Le renversement de la conception de Dieu est la fin des absolus

« La culpabilité et la punition, objecte-t-on, sont des catégories trop claires. Loin d’être législateur et juge, Dieu peut tout au plus être un ami qui accompagne. D’où la fin des absolus. D’où le justificationnisme, qui se nourrit de concepts vagues et indéterminés. Nous ne savons plus quel est l’espace de responsabilité, et à la place d’un Dieu miséricordieux qui pardonne à ceux qui se convertissent, nous mettons un Dieu compréhensif qui justifie toujours et dans tous les cas.

[…]

« Maintenant, je me demande : en tant que baptisé dans l’Église catholique, de quel Dieu suis-je appelé à témoigner ? D’un Dieu génériquement compréhensif ou d’un Dieu véritablement miséricordieux ? D’un Dieu qui efface la culpabilité de l’homme ou d’un Dieu qui la prend en charge en Jésus, son médiateur et mon rédempteur ? D’un Dieu qui m’offre une consolation superficielle ou d’un Dieu qui me libère du péché ? D’un Dieu devenu homme par amour ou d’un homme qui par présomption veut devenir Dieu ?

[…]

Tradition vient du beau verbe latin tradere, livrer, transmettre

« Nous devons faire preuve de patience et ne pas nous lasser de tenir bon. Si le Seigneur nous envoie cette épreuve, c’est pour notre plus grand bien. C’est pourquoi, paradoxalement mais pas trop, je remercie le pape argentin. Avec lui, tous les nœuds atteignaient leur paroxysme, toutes les contradictions se manifestaient. Désormais, la situation est claire et nous avons la possibilité de choisir notre camp.

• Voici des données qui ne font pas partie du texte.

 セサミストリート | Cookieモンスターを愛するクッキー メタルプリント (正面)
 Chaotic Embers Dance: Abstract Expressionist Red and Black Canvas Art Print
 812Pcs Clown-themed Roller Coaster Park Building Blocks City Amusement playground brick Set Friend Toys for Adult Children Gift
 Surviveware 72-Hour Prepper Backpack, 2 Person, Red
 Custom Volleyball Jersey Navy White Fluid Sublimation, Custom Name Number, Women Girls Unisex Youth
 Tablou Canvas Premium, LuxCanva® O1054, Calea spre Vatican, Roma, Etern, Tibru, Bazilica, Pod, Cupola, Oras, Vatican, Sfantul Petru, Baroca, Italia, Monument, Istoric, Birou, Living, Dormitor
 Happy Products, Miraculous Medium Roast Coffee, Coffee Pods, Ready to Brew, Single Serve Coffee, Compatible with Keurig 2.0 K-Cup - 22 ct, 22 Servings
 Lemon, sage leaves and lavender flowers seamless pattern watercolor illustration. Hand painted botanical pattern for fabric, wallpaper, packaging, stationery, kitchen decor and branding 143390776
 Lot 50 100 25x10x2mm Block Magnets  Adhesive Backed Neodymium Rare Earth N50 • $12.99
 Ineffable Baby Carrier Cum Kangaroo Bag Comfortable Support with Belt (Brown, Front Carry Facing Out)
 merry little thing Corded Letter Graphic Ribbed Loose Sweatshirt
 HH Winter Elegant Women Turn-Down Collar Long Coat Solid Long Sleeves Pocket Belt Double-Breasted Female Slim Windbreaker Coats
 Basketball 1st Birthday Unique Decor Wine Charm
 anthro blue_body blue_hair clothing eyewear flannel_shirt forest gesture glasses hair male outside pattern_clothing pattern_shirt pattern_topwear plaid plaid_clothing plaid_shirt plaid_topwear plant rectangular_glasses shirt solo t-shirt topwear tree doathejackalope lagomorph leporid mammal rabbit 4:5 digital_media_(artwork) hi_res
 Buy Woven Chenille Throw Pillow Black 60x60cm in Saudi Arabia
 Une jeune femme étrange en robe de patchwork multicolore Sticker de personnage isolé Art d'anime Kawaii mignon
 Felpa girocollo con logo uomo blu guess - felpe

« Depuis que je dis et écris depuis un certain temps que l’Église catholique s’est infiltrée dans une pensée et même dans un enseignement qui ne sont pas catholiques, je suis devenu pour certains tout à coup un traditionaliste. Il y a des amis qui, en se donnant des coups de coude, me regardent plein de tristesse et disent : « La pauvre. C’était une si bonne personne, et maintenant c’est un traditionaliste. » Comme si j’avais attrapé une grave maladie.

« L’étiquette de « traditionaliste » ne me dérange pas. Mais je serais plus heureux s’ils disaient que j’étais traditionnel. Aussi parce que je pense qu’on ne peut pas être catholique sans être traditionnel. Tradition vient du beau verbe latin tradere, livrer, transmettre. Et lorsque vous recevez un cadeau aussi beau que la foi, vous ne pouvez pas vous empêcher de vouloir le transmettre. Possiblement intact. Peut-être que vous le pouvez, peut-être pas, mais vous ne pouvez pas y renoncer.

« Le désir d’étiqueter va généralement de pair avec l’incapacité d’argumenter. Les étiquettes sont pratiques car elles évitent l’effort de réflexion. Mais c’est précisément le moment où nous devons repenser, car les crises de la foi et de la raison vont de pair et s’influencent mutuellement.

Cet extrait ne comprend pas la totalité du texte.